Think about the last time you tried to do something that should’ve been easy. Pay a bill, update an account, return something you bought. And it wasn’t easy. Maybe you stayed. Maybe you called someone. Maybe you said, “screw it” and went somewhere else. Now multiply that moment by every person who interacts with your company. Every day. Some of them push through. A lot of them don’t. And the ones who don’t send you a bill. They just leave.
Experience problems = financial problems.
Listen. I’m not saying experience strategy automatically produces those numbers. I’ve seen experience initiatives that went nowhere because they were disconnected from the actual human journey, dressed up as personas and great stories that never changed a single touchpoint. Experience strategy only produces financial outcomes when it is actually strategy. When it shapes decisions about what you build, how you build it, who is empowered to fix it, and how flexible you are to the shifts.
Experience isn’t the shiny output. A shiny layer of polish. Companies that are winning treat experience as an input. They are asking the experience question before they build, not after. They are asking: what does this human need to accomplish, and are we helping them do it? They are designing for the job the human is trying to get done, not the job their internal teams find easiest to support.
The cost of not asking that question shows up in call center volume, cart abandonment, bug tickets, lower retention, and higher acquisition costs because retention is slipping. It shows up with employees who spend half their time working around systems that don’t actually serve the work. There’s your operating expense. We just don’t trace it back to experience.
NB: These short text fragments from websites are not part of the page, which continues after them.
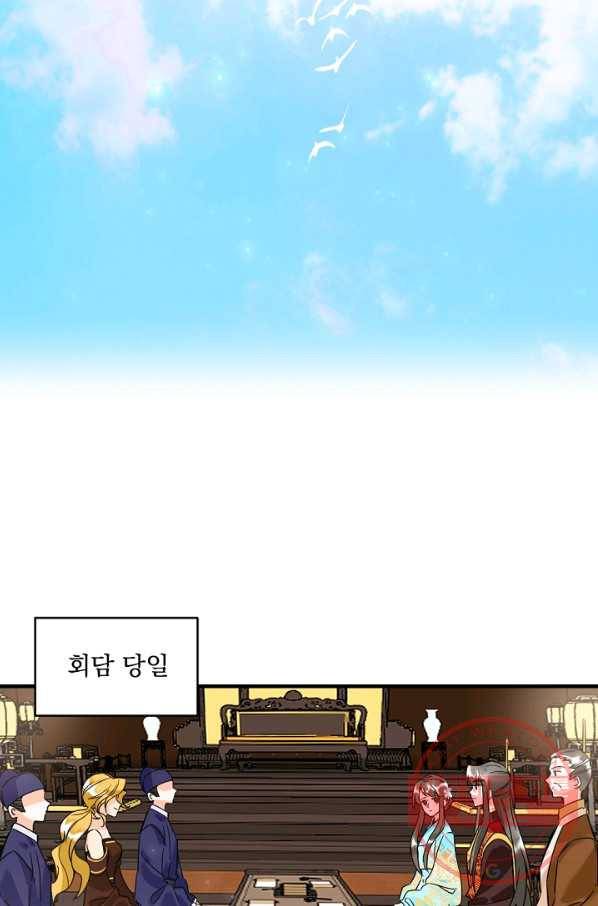 황태자의 첩 13화 2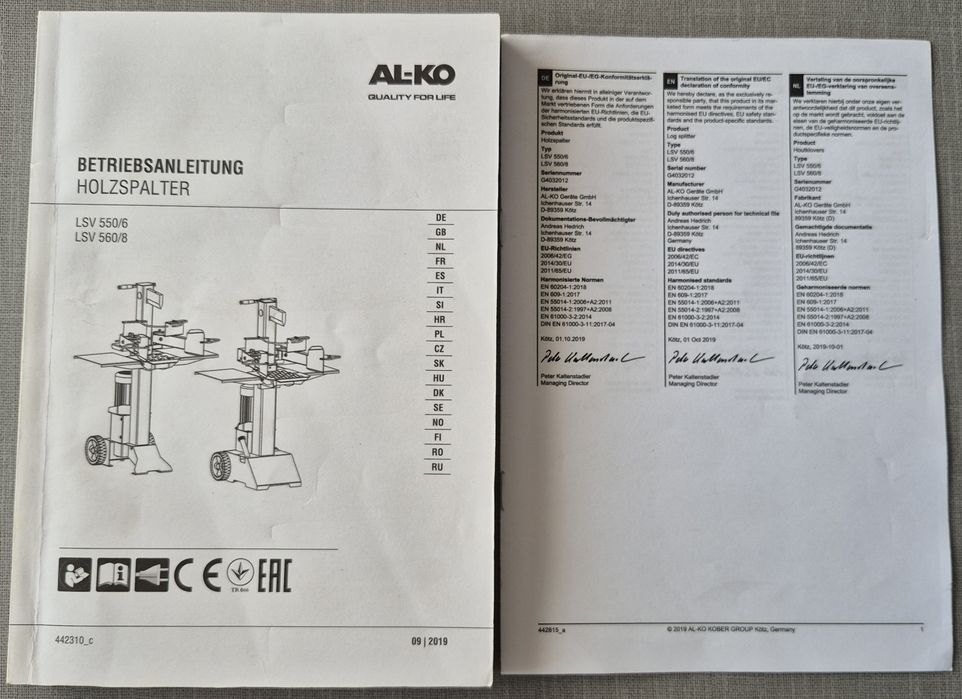 Дровокол гідравлічний AL-KO LSV 550/6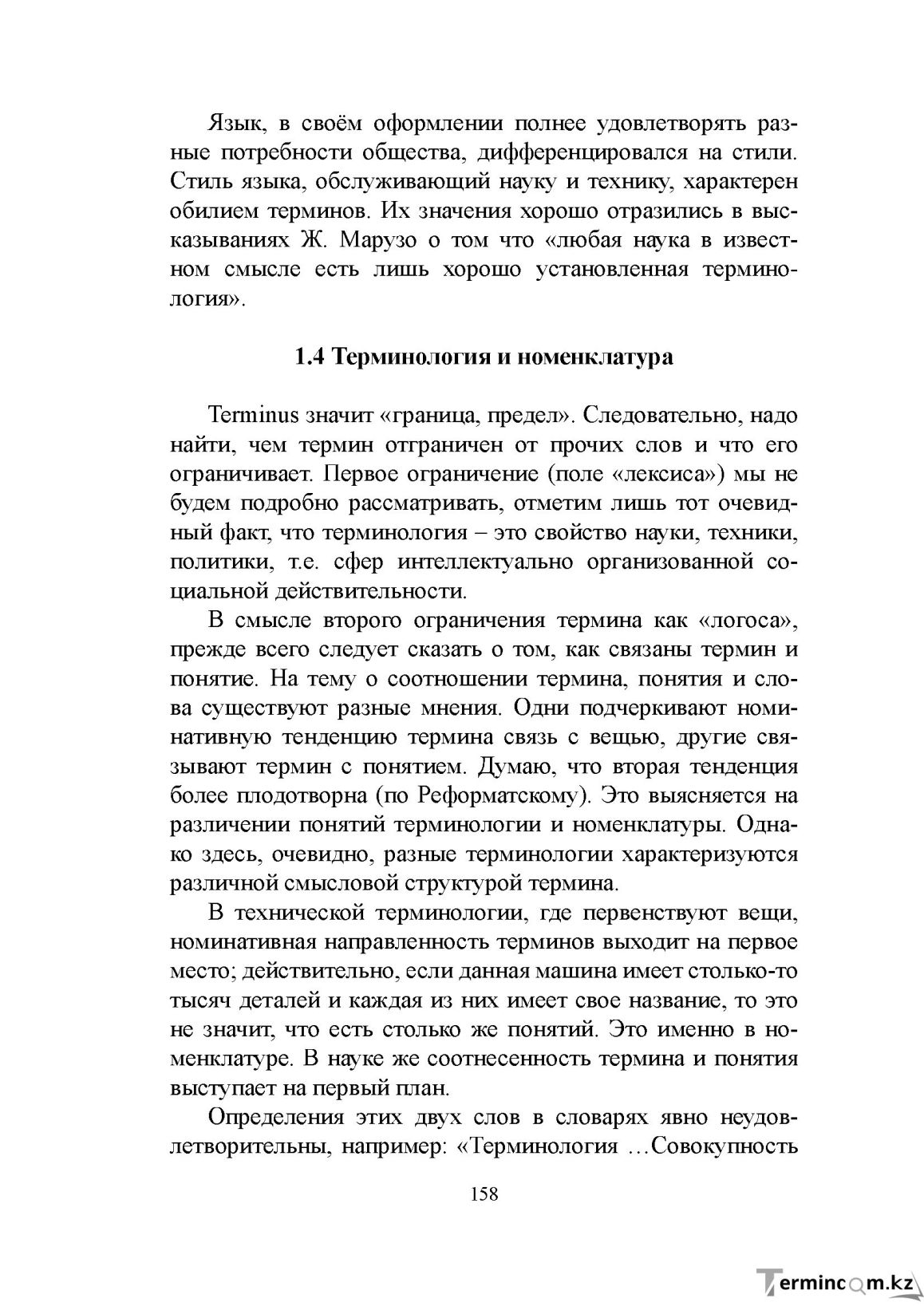 Бет 157
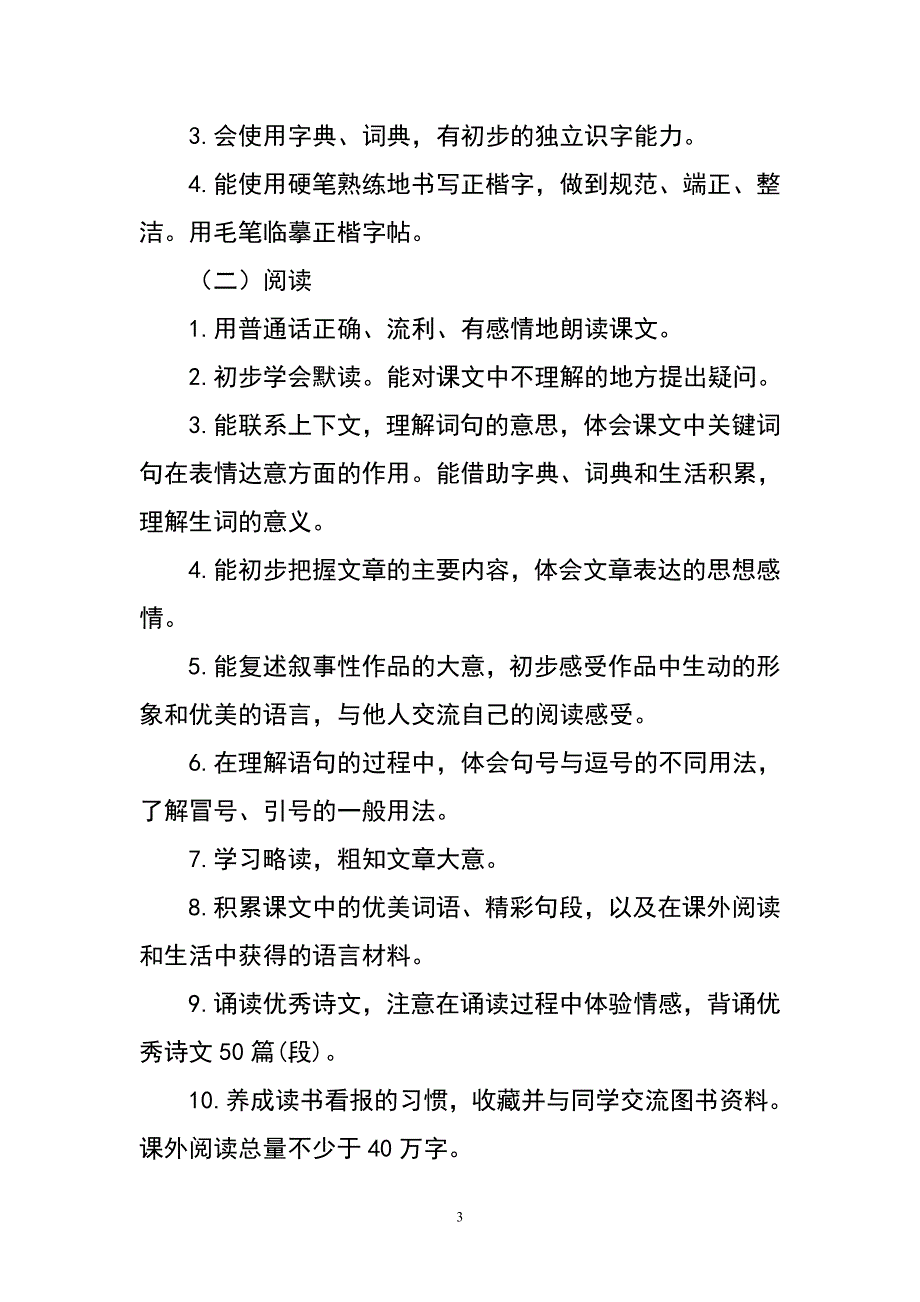 新人教版部编本2021年期四年级下册语文开学复课教学工作计划和进度安排.doc_第3页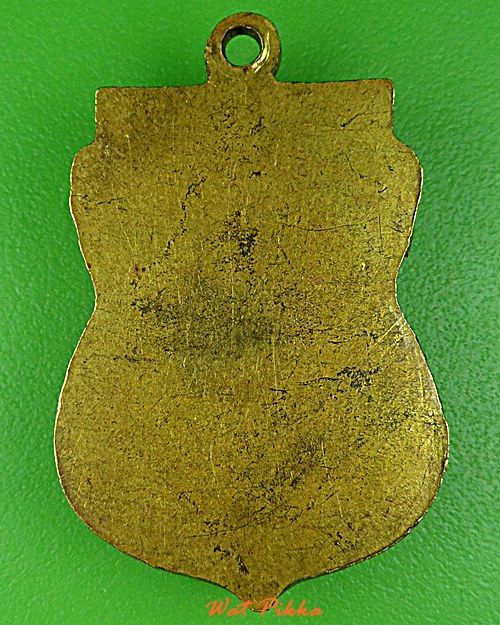 เหรียญหลวงพ่อบุตร์ วัดกอไผ่ อยุธยา .D702.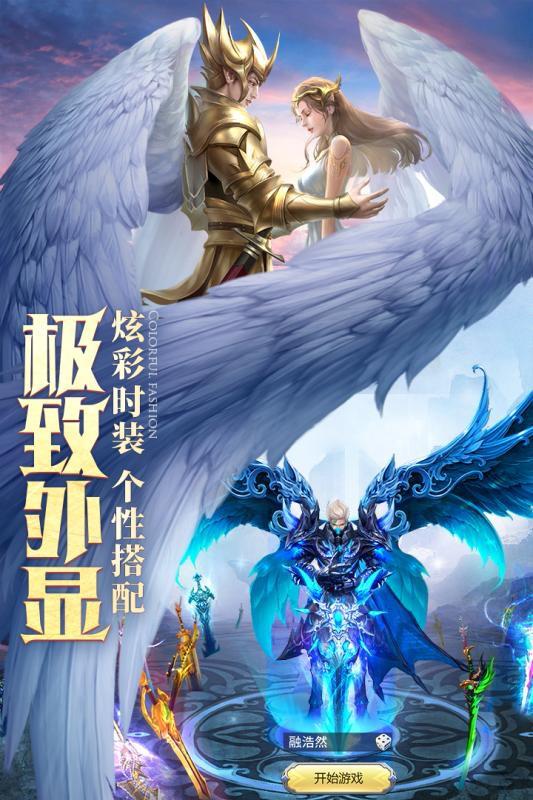靈魂序章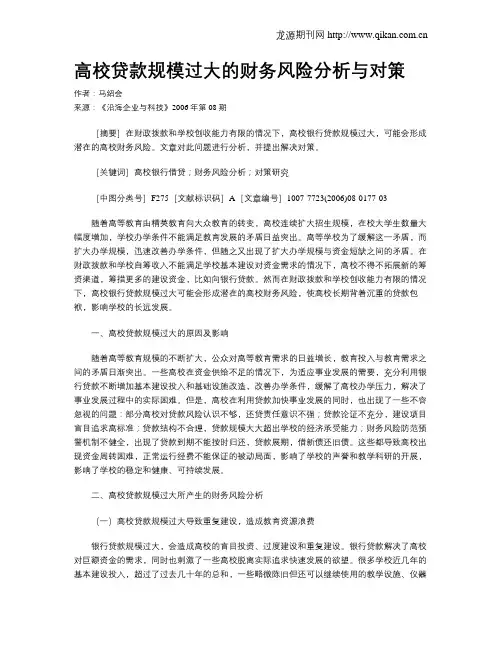 高校贷款规模过大的财务风险分析与对策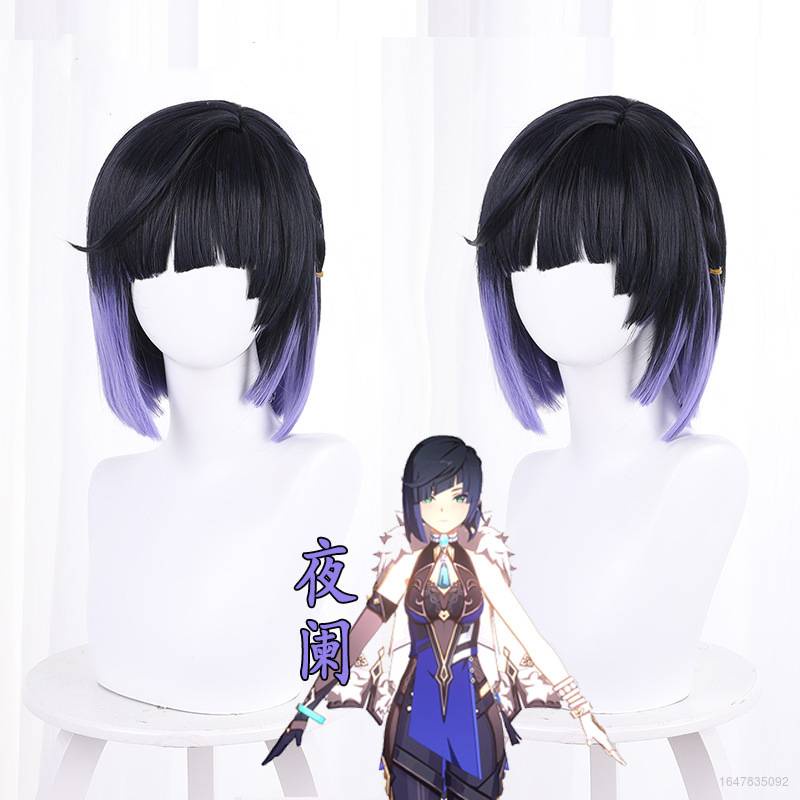 Bộ Tóc Giả Ngắn Thẳng Nhuộm Màu Xanh Dương Tím Xanh Dương Gradient Hóa Trang Halloween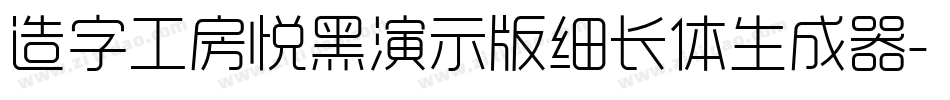 造字工房悦黑演示版细长体生成器字体转换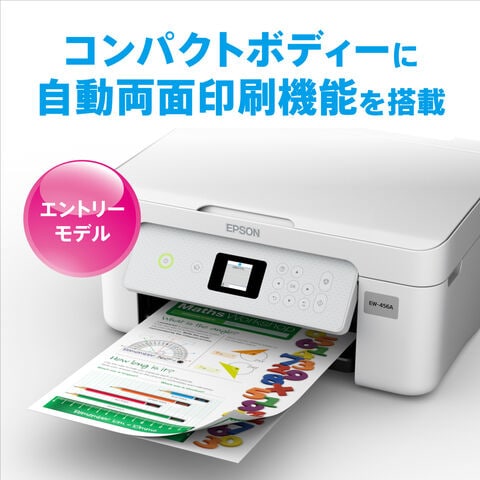 dショッピング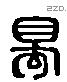 蜀 Liushutong characters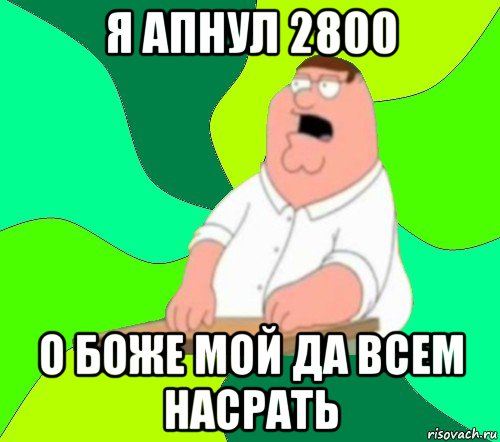 я апнул 2800 о боже мой да всем насрать, Мем  Да всем насрать (Гриффин)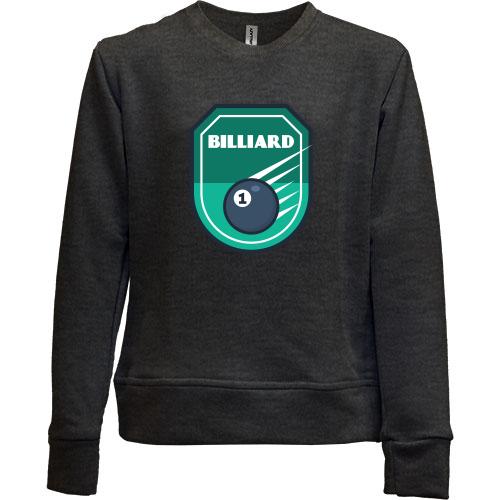 Детский свитшот без начеса Billiard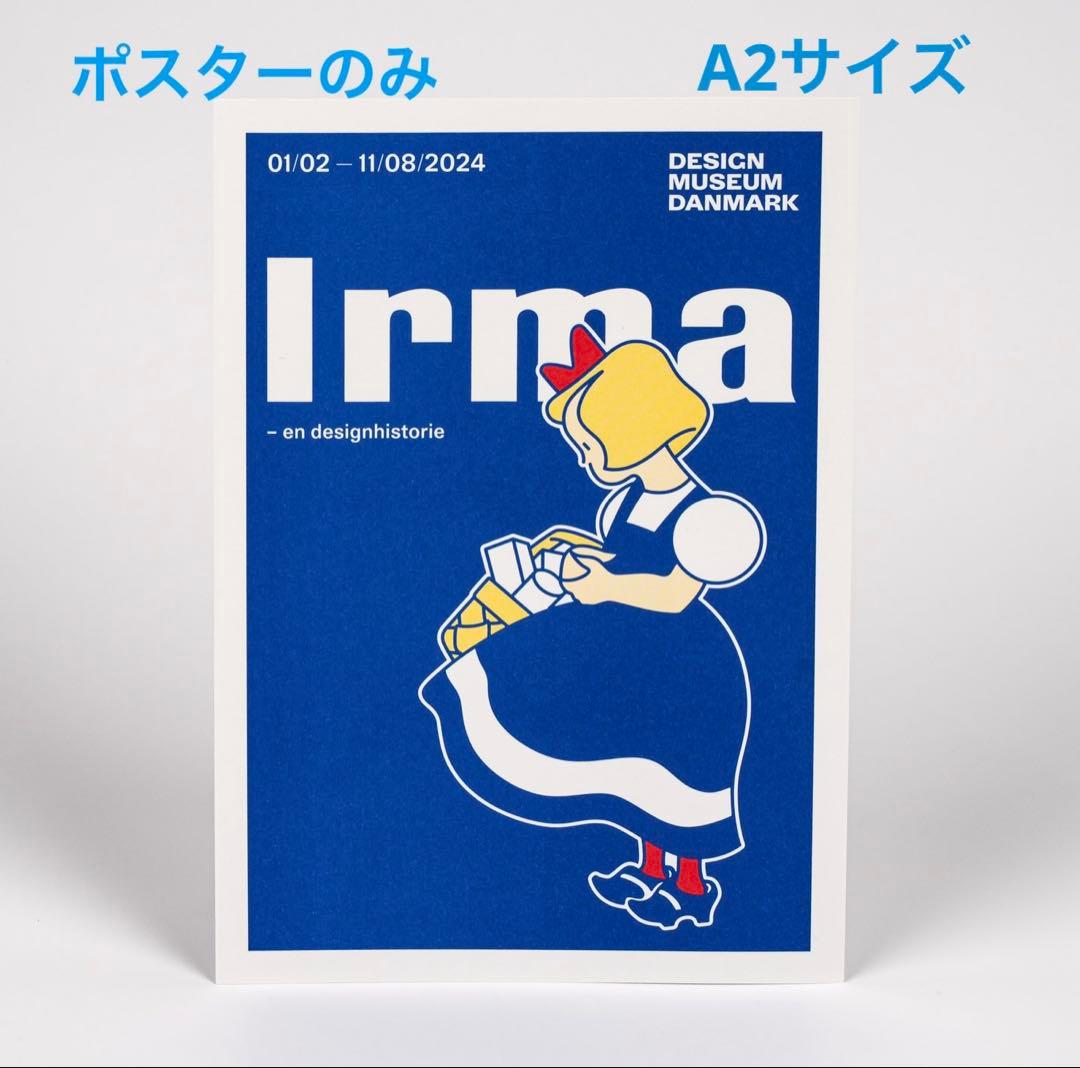 希少❗️＜新品＞Irmaイヤマちゃん・デンマーク工芸博物館正規ポスター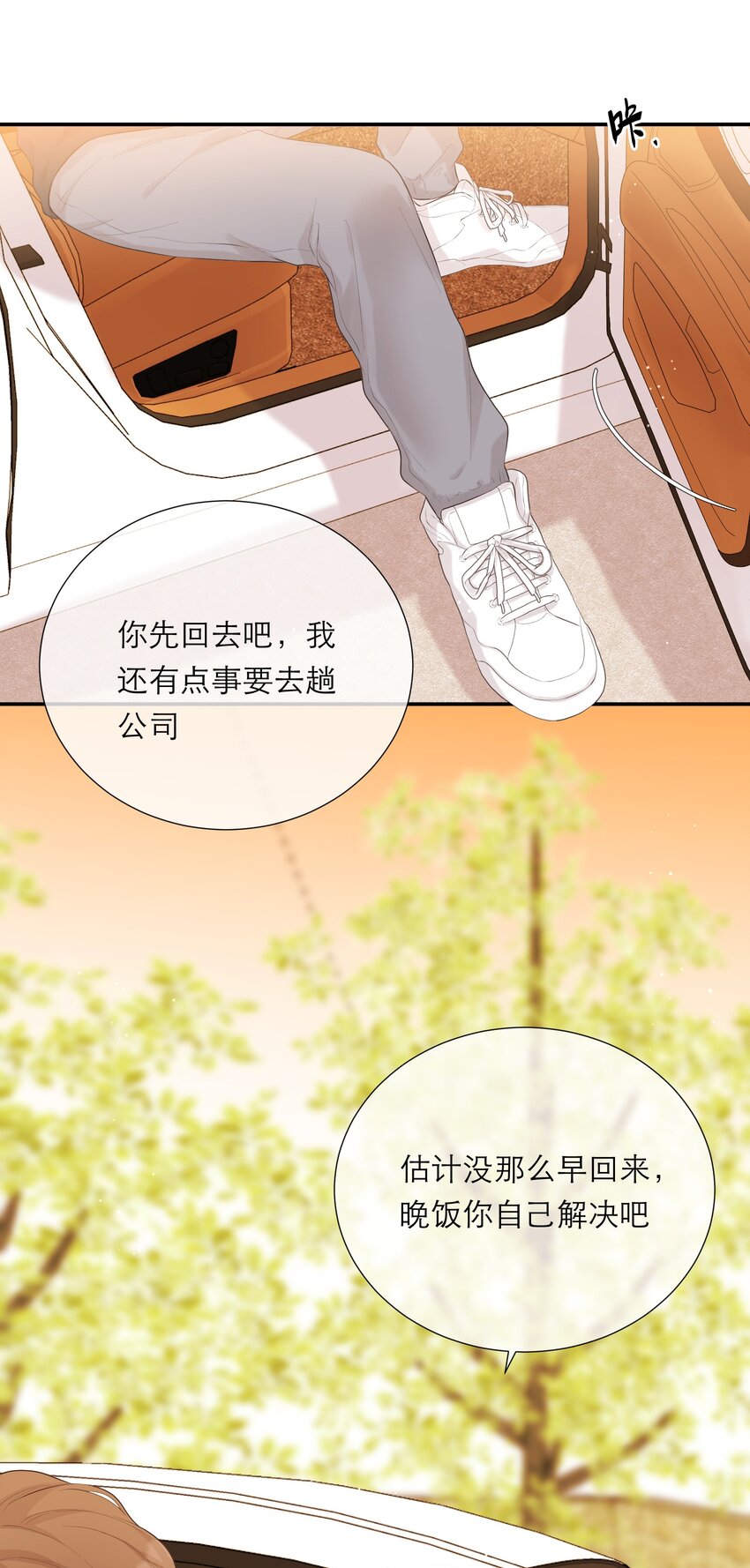 014 我有约了(1/2)-第15话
The first move is getting your finance and experience functions in the same conversation about the same metrics. Not experience presenting to finance. Not finance signing off on experience’s budget. Both disciplines looking together at where friction lives in the human journey and what that friction costs. When those two conversations become one, the resource decisions change. Because the problem is finally visible.
Experience is not a soft cost. It is either an investment with a measurable return or a liability with a measurable cost. There is no version where it is neutral. Your CFO needs to know that. So do you.